- Material to process -
##########
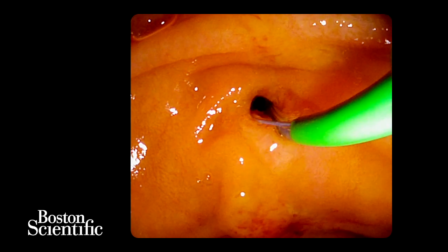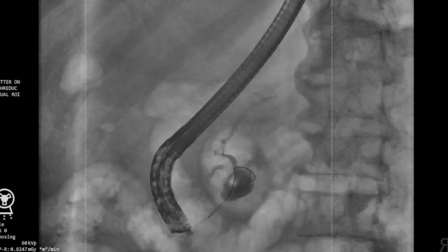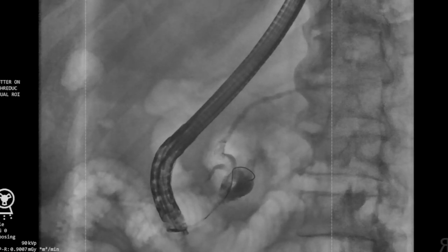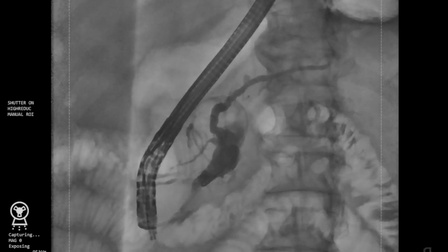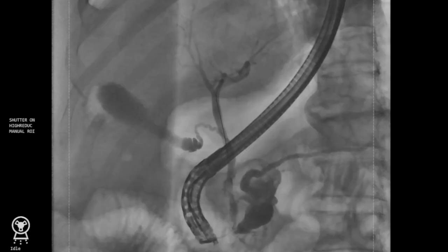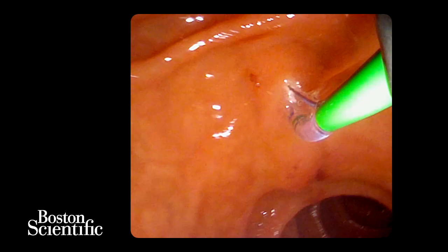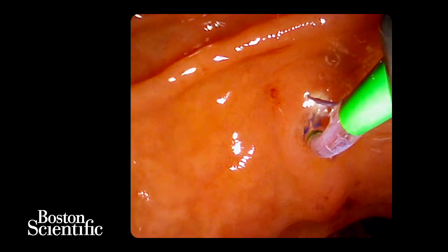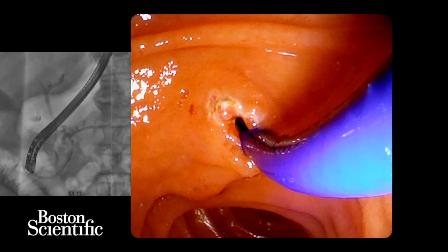Given the patient's underlying comorbidities, a tissue diagnosis was desired, and therefore an ERCP with pancreatoscopy was undertaken. The main pancreatic duct was cannulated and after performing a sphincterotomy, the pancreatoscope was advanced into the cyst. Papillary projections were seen within the cyst component.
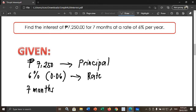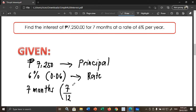Notice that in our first problem, the time should be represented in years. But in this problem, the time is given in months. Therefore, when the given time is in months, we need to divide it by 12, since 1 year has 12 months. So 7 months becomes 7 over 12 as the value of our time.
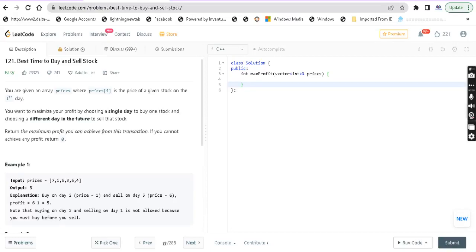Hey guys, welcome back. M.P. Raditya. This is a question: Best time to buy and sell stock.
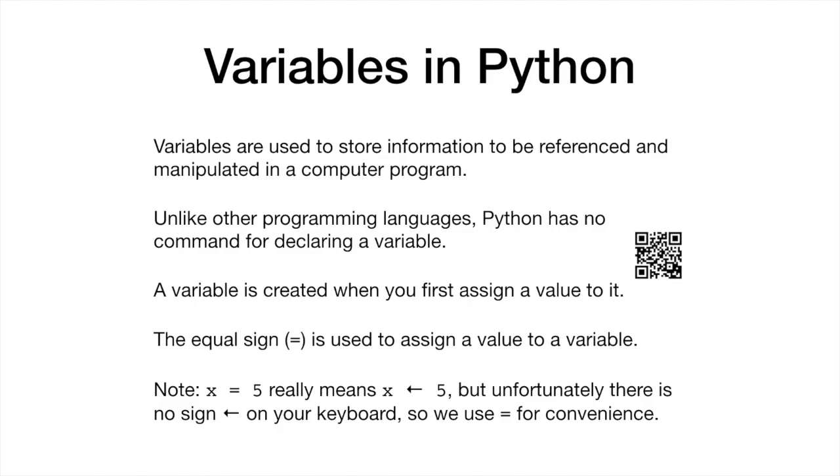In Python, a variable is created when you first assign a value to it. To assign a value to a variable, we use the equal sign.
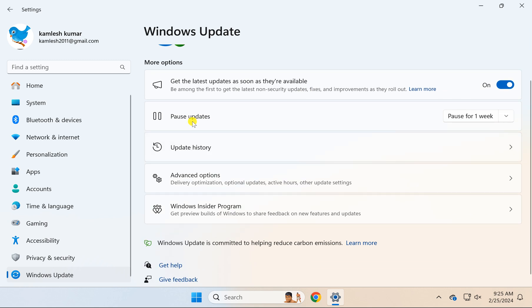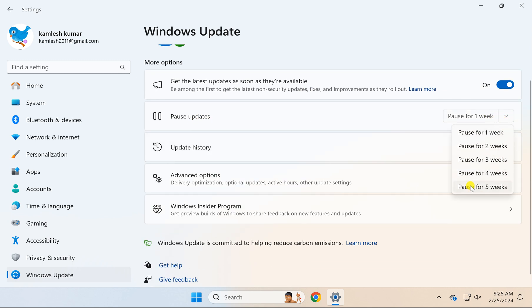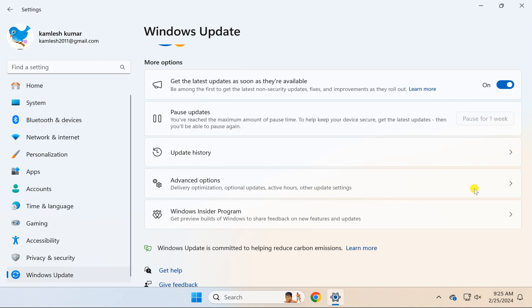On the right beside Pause Updates, click this dropdown menu and select an option to pause for how many weeks you want to pause Windows 11 updates.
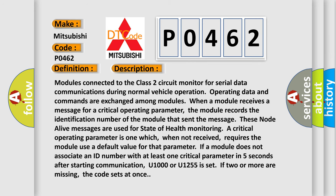Modules connected to the Class 2 circuit monitor for serial data communications during normal vehicle operation. Operating data and commands are exchanged among modules. When a module receives a message for a critical operating parameter, the module records the identification number of the module that sent the message.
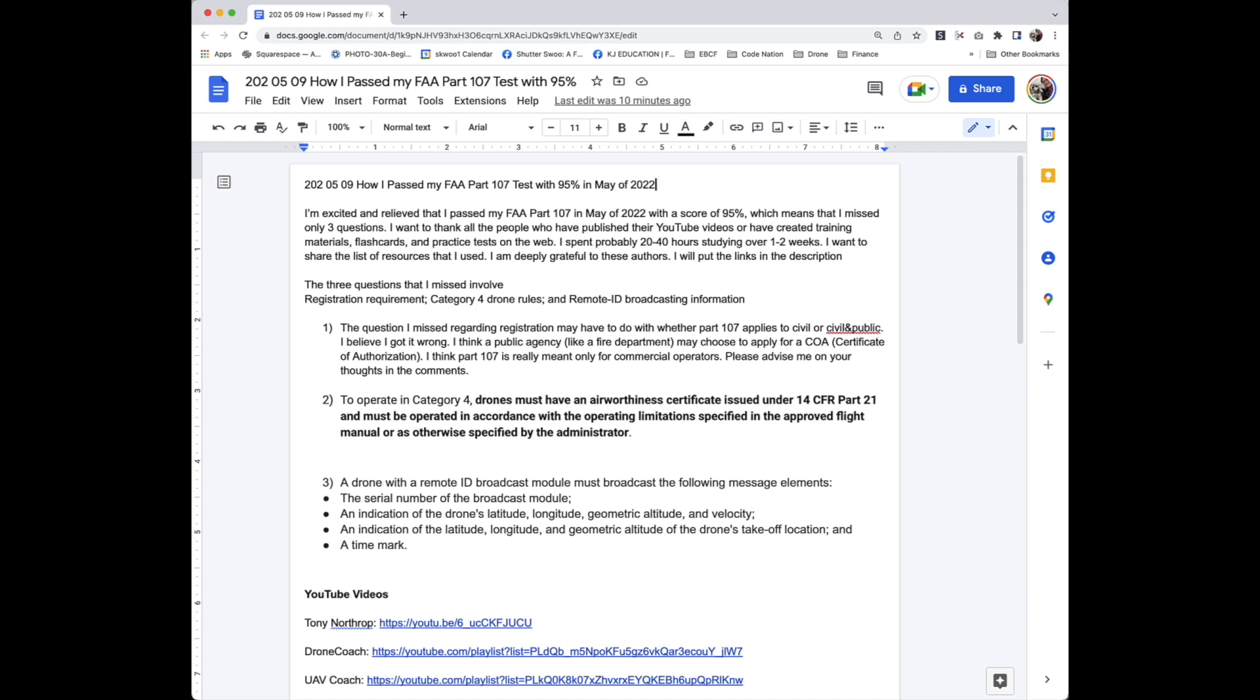A drone with a remote ID broadcast module must broadcast the following message elements: The serial number of the broadcast module. An indication of the drone's latitude, longitude, geometric altitude, and velocity. An indication of the latitude, longitude, and geometric altitude of the drone's takeoff location.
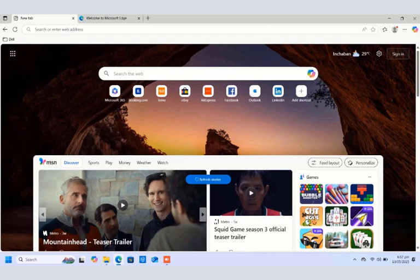Hello guys, welcome once again, this is TechPBA, thanks for joining me. In this video I'll take you through how to perform some basic tasks in Windows 11 — like signing out from your user accounts, switching user from one account to the other, locking your PC screen, putting your PC to sleep, shutting down, and restarting your Windows 11 PC.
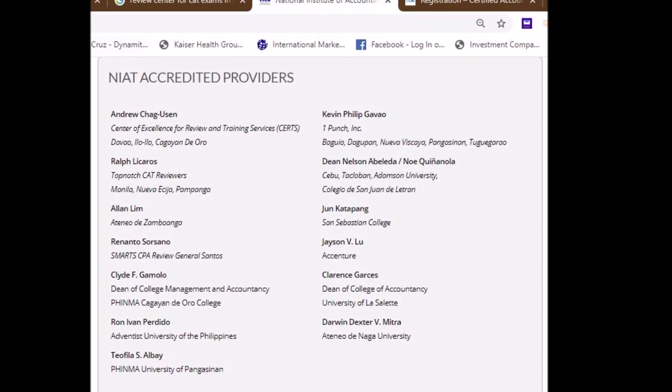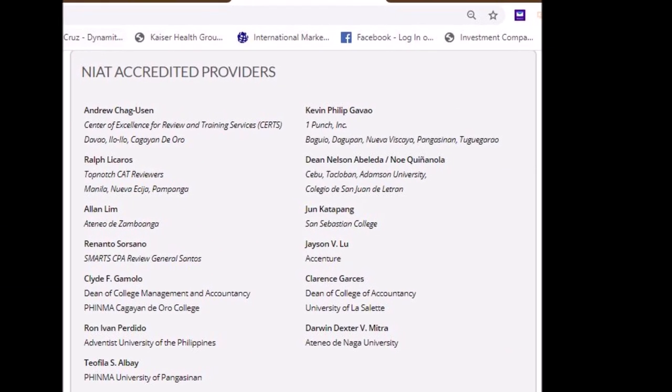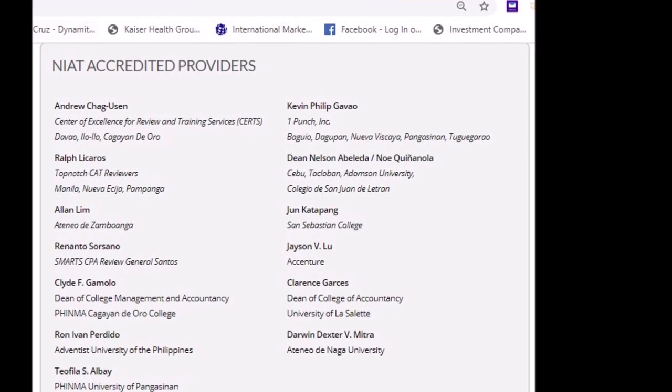Here's the process on how to apply and the fees. I put the link below this video — niat.edo.ph. There are many review centers you can choose from depending on what's convenient for you. Personally, I chose the Tanto top-notch review center under Sir Rock, if you know him.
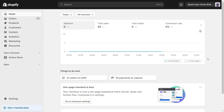Hi, it's Alex from Sparklayer here. Today, I'm going to show you how you can add a recommended retail price or RRP to your products on your Sparklayer B2B store.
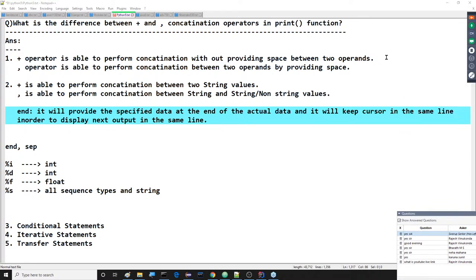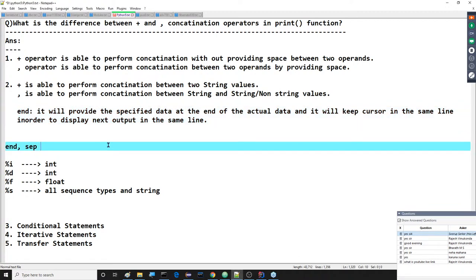Guys, check what we completed in the last session. We were discussing input and output statements. Input statements part is completed, and now output statements will also be started. An output statement - we already had discussion on a number of things.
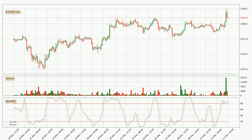Moving to the three-hourly stochastic RSI, both the percent K and percent D lines are in the higher region, which means that the price is getting overbought and soon a trend change or at least some kind of consolidation could be expected. The K line is currently located below the D line, meaning that there is a downwards trend.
##########
Before copying the data, remove the pictures. Then repeat the rest exactly.

- Response to this task -
Given the patient's underlying comorbidities, a tissue diagnosis was desired, and therefore an ERCP with pancreatoscopy was undertaken. The main pancreatic duct was cannulated and after performing a sphincterotomy, the pancreatoscope was advanced into the cyst. Papillary projections were seen within the cyst component.
Notice that in our first problem, the time should be represented in years. But in this problem, the time is given in months. Therefore, when the given time is in months, we need to divide it by 12, since 1 year has 12 months. So 7 months becomes 7 over 12 as the value of our time.
Hey guys, welcome back. M.P. Raditya. This is a question: Best time to buy and sell stock.
In Python, a variable is created when you first assign a value to it. To assign a value to a variable, we use the equal sign.
On the right beside Pause Updates, click this dropdown menu and select an option to pause for how many weeks you want to pause Windows 11 updates.
Modules connected to the Class 2 circuit monitor for serial data communications during normal vehicle operation. Operating data and commands are exchanged among modules. When a module receives a message for a critical operating parameter, the module records the identification number of the module that sent the message.
A drone with a remote ID broadcast module must broadcast the following message elements: The serial number of the broadcast module. An indication of the drone's latitude, longitude, geometric altitude, and velocity. An indication of the latitude, longitude, and geometric altitude of the drone's takeoff location.
Hello guys, welcome once again, this is TechPBA, thanks for joining me. In this video I'll take you through how to perform some basic tasks in Windows 11 — like signing out from your user accounts, switching user from one account to the other, locking your PC screen, putting your PC to sleep, shutting down, and restarting your Windows 11 PC.
Here's the process on how to apply and the fees. I put the link below this video — niat.edo.ph. There are many review centers you can choose from depending on what's convenient for you. Personally, I chose the Tanto top-notch review center under Sir Rock, if you know him.
Hi, it's Alex from Sparklayer here. Today, I'm going to show you how you can add a recommended retail price or RRP to your products on your Sparklayer B2B store.
Guys, check what we completed in the last session. We were discussing input and output statements. Input statements part is completed, and now output statements will also be started. An output statement - we already had discussion on a number of things.
Moving to the three-hourly stochastic RSI, both the percent K and percent D lines are in the higher region, which means that the price is getting overbought and soon a trend change or at least some kind of consolidation could be expected. The K line is currently located below the D line, meaning that there is a downwards trend.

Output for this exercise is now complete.